Geocaching z urządzeniem GPS na Białorusi?

8

Znalazłem ludzi mówiących na forach geocachingowych, że urządzenia GPS nie są legalne (lub stanowią problem) na Białorusi. Dlatego zaleca się buforowanie za pomocą smartfona. Ale takie fora są dość problematyczne jako źródło informacji.

Czy są jakieś potencjalne problemy prawne z geocachingiem na Białorusi?

Czy chodzenie z urządzeniem GPS wzbudzi podejrzenia, że ​​jestem szpiegiem?
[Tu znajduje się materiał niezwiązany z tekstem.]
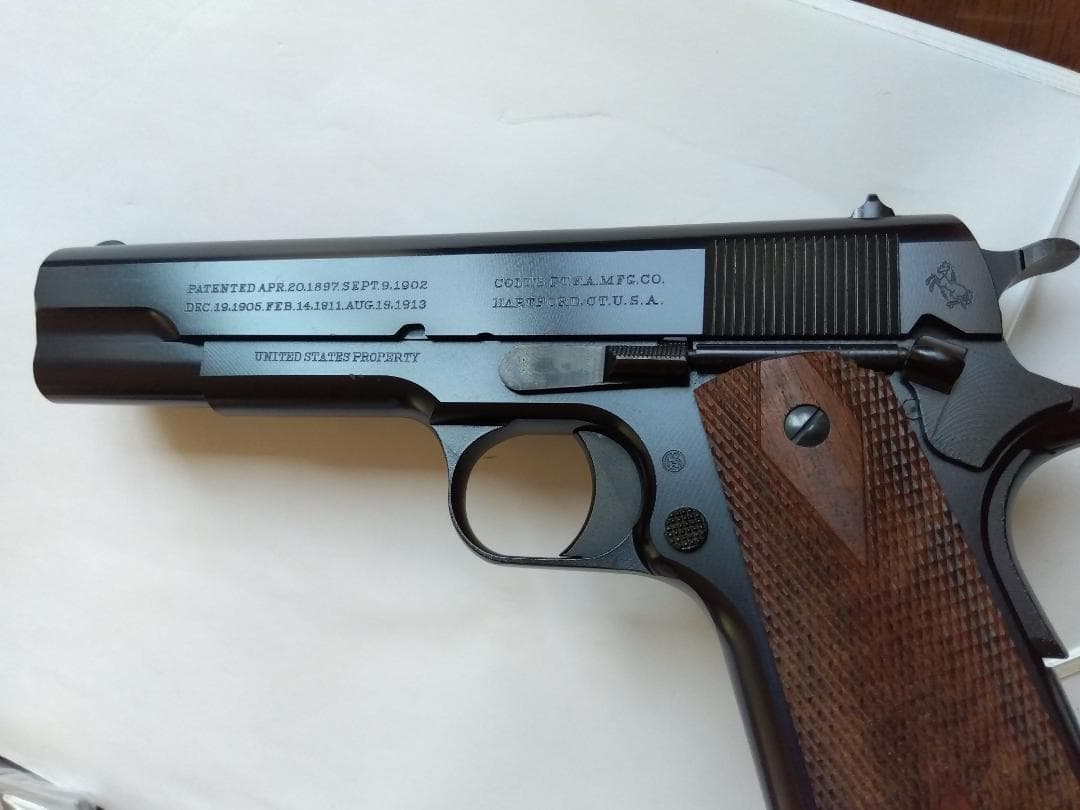 リアルマッコイズ　コルトM1911　強化素材　装填式　プラスチックモデルガン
Czy też nawigacja GPS jest uważana przez Milicję za normalną działalność turystyczną i są do tego przyzwyczajeni i nawet nie zawracają mi głowy sprawdzaniem?

Żeglarz naddunajski
źródło
Podczas geocaching nie chodzi tylko o urządzenie GPS. Często robisz bardzo podejrzane rzeczy (mam nadzieję, że nie wyglądasz podejrzanie :-) Zrobiłem rzeczy w Wielkiej Brytanii, których nie rozważałbym na Białorusi za milion lat.
gnasher729,
Niektórzy geocacherowie zostali przesłuchani przez specjalne bezpieczeństwo w Gruzji, na tej samej skrzynce, którą zrobiłem w ogrodzie botanicznym w Tbilisi. Ponieważ skrytka była blisko (około pół kilometra) od miejsca zamieszkania premiera. Pamięć podręczna była regularna. Dość mała jak na potencjalną bombę atomową: D
Żeglarz z Dunaju

Odpowiedzi:

5

Znaczna część byłego ZSRR jest, przynajmniej na papierze, dość niespokojna w używaniu urządzeń GPS; w 1997 r. w Rosji była dobrze nagłośniona sprawa, w której amerykański inżynier został (krótko) uwięziony za przypadkowe użycie jednego w pobliżu obszaru wojskowego.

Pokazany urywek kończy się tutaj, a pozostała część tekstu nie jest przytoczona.